Custom Sparse MAE Metric for Regression

I’m struggling to write a custom metric due to limitation surrounding symbolic tf.Tensor.


I’m training regression network to predict multiple values (think: price, height, weight, …). I have normalized all input values to be between [0,1] and all my target values (in the dataset) to be between [-1, 1]. Then I have a de-normalization function that scales the [-1,1] to a realistic values.

Unfortunately my dataset is very sparse.

  • For the input side I’m using one-hot encoded variables (each variable has a corresponding one-hot parameter that indicates if it present). This seems to be working on my experiments with synthetic data.
  • For the output side I made sure to use all complete (where all target values are present) in the training set, but the sparse ones (where some target values are missing) in the validation set.

This means that my validation curve on the mae-epoch graph is non-existent due to countless NaNs in the computation.

My idea was to write custom metric functions for the different target values.
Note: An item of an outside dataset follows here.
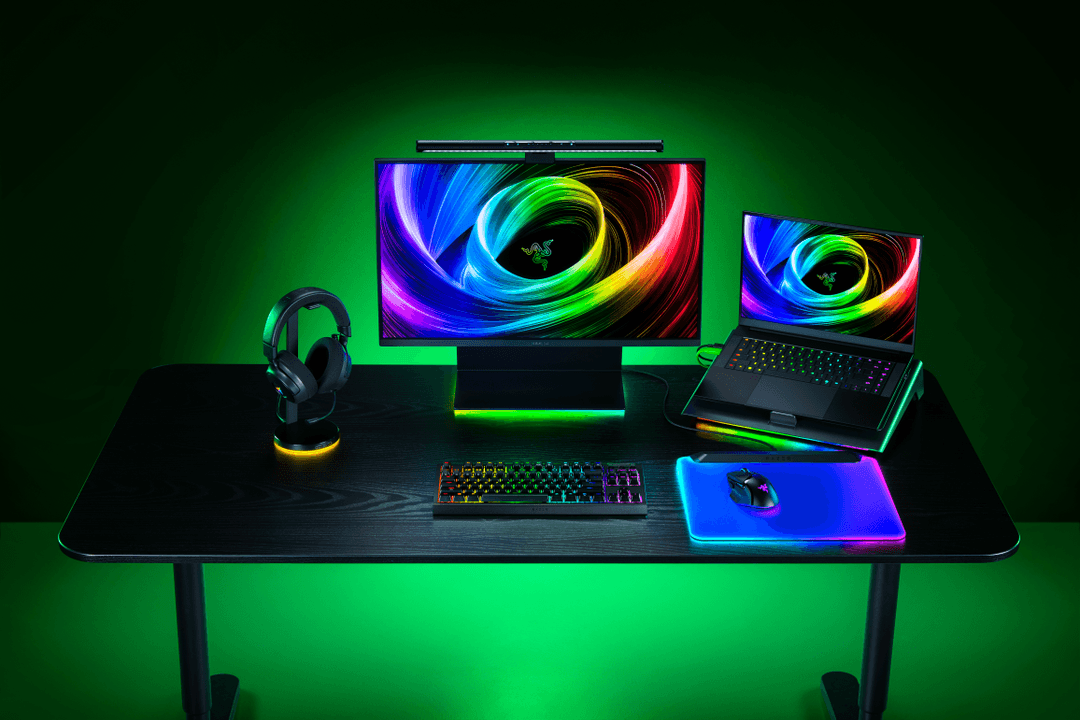 Ensemble gaming Razer avec clavier custom, écrans, casque et souris RGB sur un bureau noir aux contours verts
One for price, one for the height, one for weight, and etc. Each of these custom metrics values would only calculate the mae in situations that it exists in the dataset.
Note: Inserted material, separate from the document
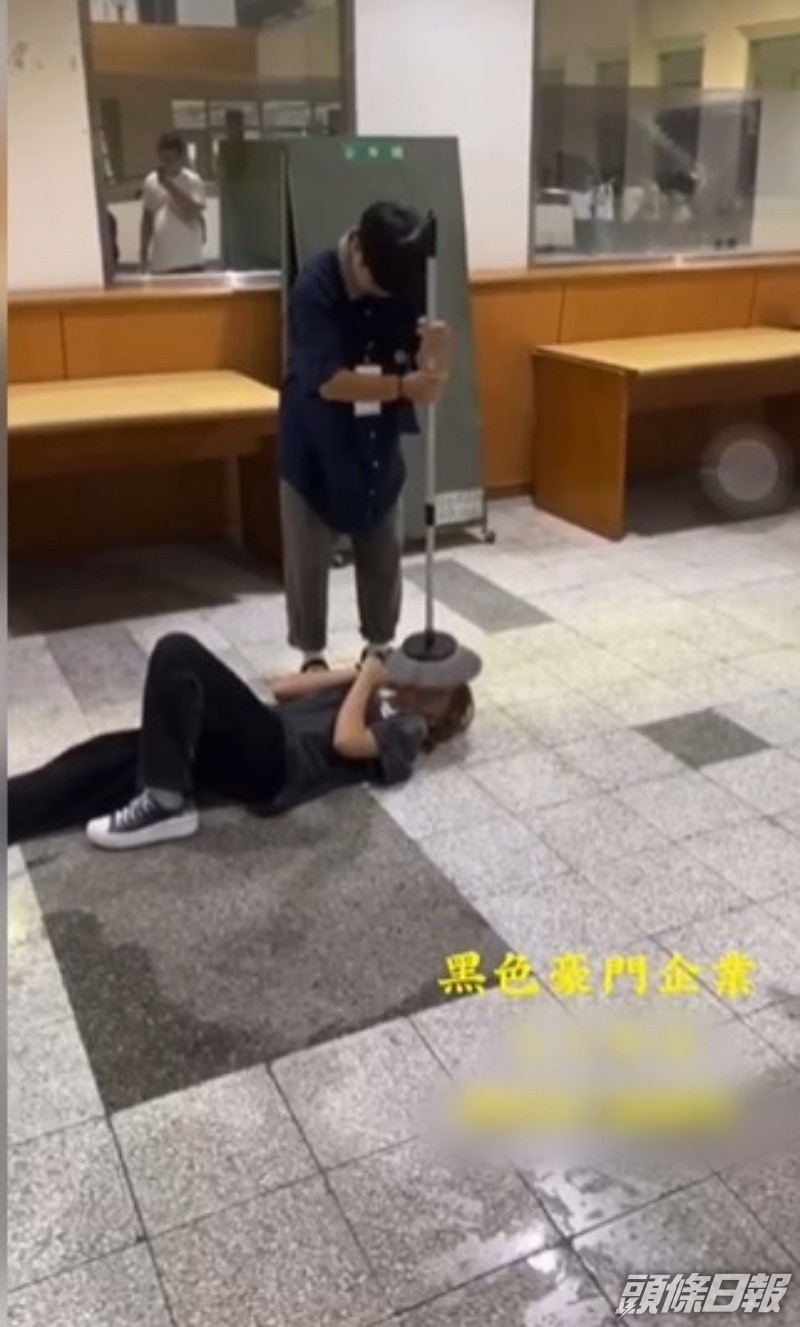 男生拿起地拖「質」向躺在地上的女生臉上。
But I can’t seem to figure out how to drop the data-points where there are NaNs.


How do I write a sparse mean absolute error metric.
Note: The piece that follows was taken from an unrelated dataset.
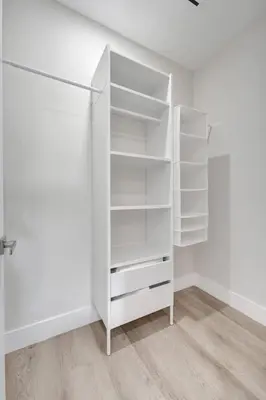 a white closet with white shelves in a room at New 4BR Upscale Family Haven in Fort Lauderdale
One that only uses data points that are present in the y_true tensor.

def met_mae_price(y_true, y_pred):
   y_true = y_true[:,0]
   y_pred = y_pred[:,0]

   # I'm trying to drop from both tensors any values that are NaNs in y_true
   mask = tf.vectorized_map(lambda x: not np.isnan(x), y_true)
   y_true = tf.boolean_mask(y_true, mask)
   y_pred = tf.boolean_mask(y_pred, mask)

   mae = tf.keras.metrics.MeanAbsoluteError()
   mae.update_state(y_true, y_pred)
   return mae.result()

I’ve tried lots of different approaches, but always get lots of different errors. Mostly that I can’t iterate, but also that I can’t pass Tensors to NumPy calls. I keep reading the API documentation trying to find a way to do this, but don’t seem to be able to figure it out.

Can someone help please?